The war for attention rages on, but have marketers forgotten what they’re fighting for?
In this age of digital distraction, our ability to gain attention has been dramatically compromised. But is ‘branded content’ our saviour? Or our own worst enemy.| June 20th, 2018
Over the course of the last several weeks, a few campaigns have caught my eye; from the perspective of a media consuming consumer, and as media observing marketer. And sometimes it’s hard to tell which of these two personas has taken the interest in them. But let’s assume, as my marketer hat is rarely (if ever) left at home, it’s because I probably spend more time than the average person, paying attention to branded content. Either way, they’ve gained my attention, in different ways. And now, I’m going to talk about two of them to you. From the brand’s perspective, job done, right? Well, only if the consumer in me is more likely to spend some money with them.
The first, was the widely talked about campaign from Lush: #SPYCOPS. And unlike many campaigns, the conversation wasn’t just taking place in the trades, with publically projected opinions coming from ‘the general public’ and mainstream press.
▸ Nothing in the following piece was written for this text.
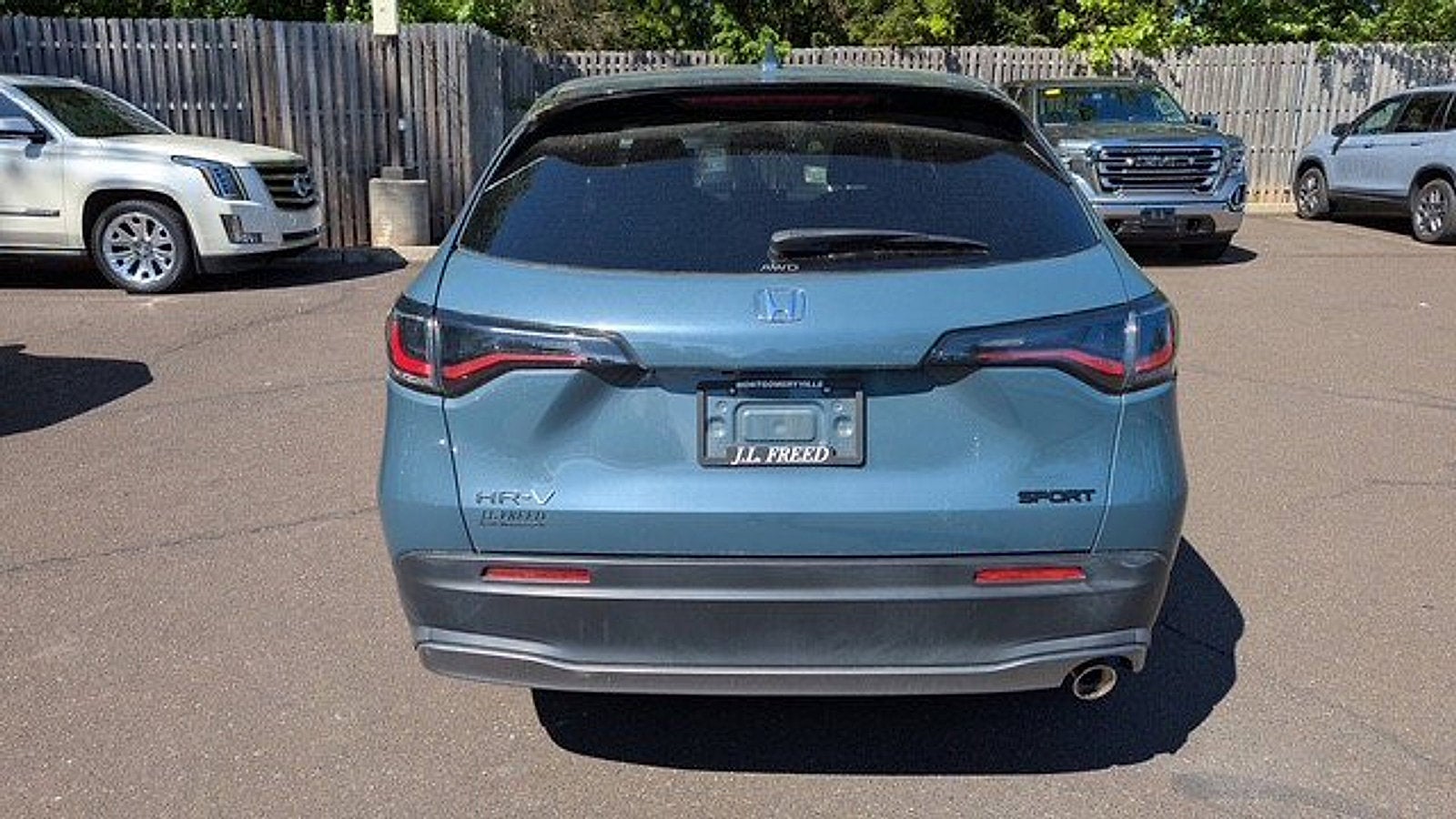 2024 Honda HR-V Sport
The campaign, aimed to raise awareness of “ongoing undercover policing scandal where officers have infiltrated the lives, homes and beds of activists”. With a message that the police have ‘crossed the line’ and should obviously refrain from doing so. To most, the question arose as to why Lush would be getting involved with the topic (fervent opinions followed). To those in the marketing game, it’s just another example of a brand aiming to connect with consumers through a bigger ‘purpose’; as opposed to directly trying to flog them stuff. The popularity of this approach stemming from the popularity of findings such as ‘Brands with a strong purpose help accelerate brand equity’ (Millward Brown), or the plethora of similar statements across the industry at the moment.
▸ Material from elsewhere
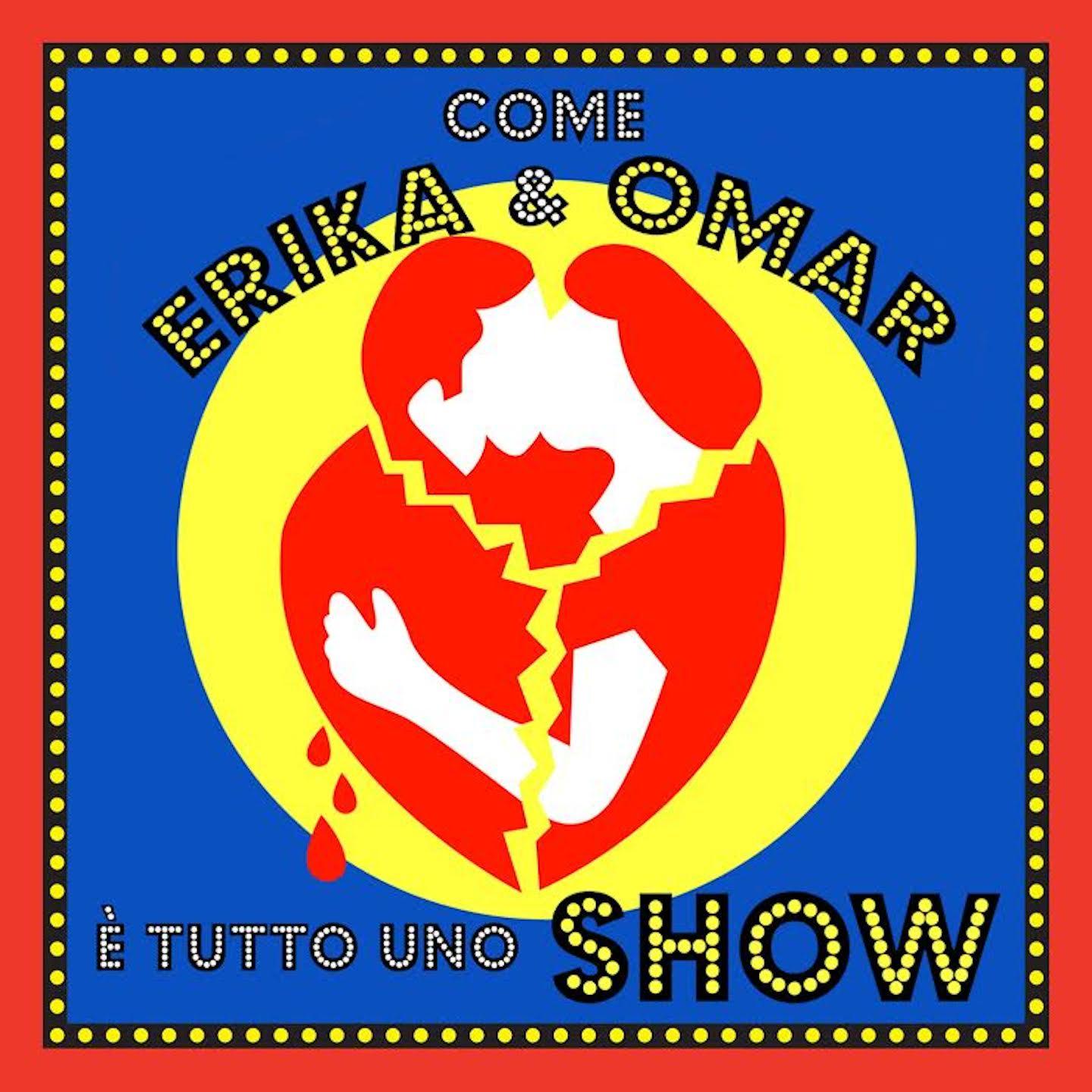 Постер альбома Come Erika & Omar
The campaign (like many others at the moment), is driven by an industry Zeitgeist, as opposed to by basic marketing principles. Brand or social ‘purpose’ is just one of the phrases and buzzwords which have become part of the common marketer’s vernacular in recent years. Alongside the likes of ‘storytelling’ or ‘emotional campaigns’ it’s been proclaimed by one source or another to be the answer to successful communications. However, while they all have validity, each approach starts with the same basic assumption, that people are listening. The reality is that they probably aren’t (only 18% of digital advertising even gets looked at). The growth in digital media means consumers have more competing for their attention than ever before. A result of this ‘war for attention’ has found many brands getting a little lost in the maelstrom of the battlefield, forgetting why we’re creating advertising content in the first place… So we turn attention to action – in other words persuade people to buy something from us (either in the sort or long term)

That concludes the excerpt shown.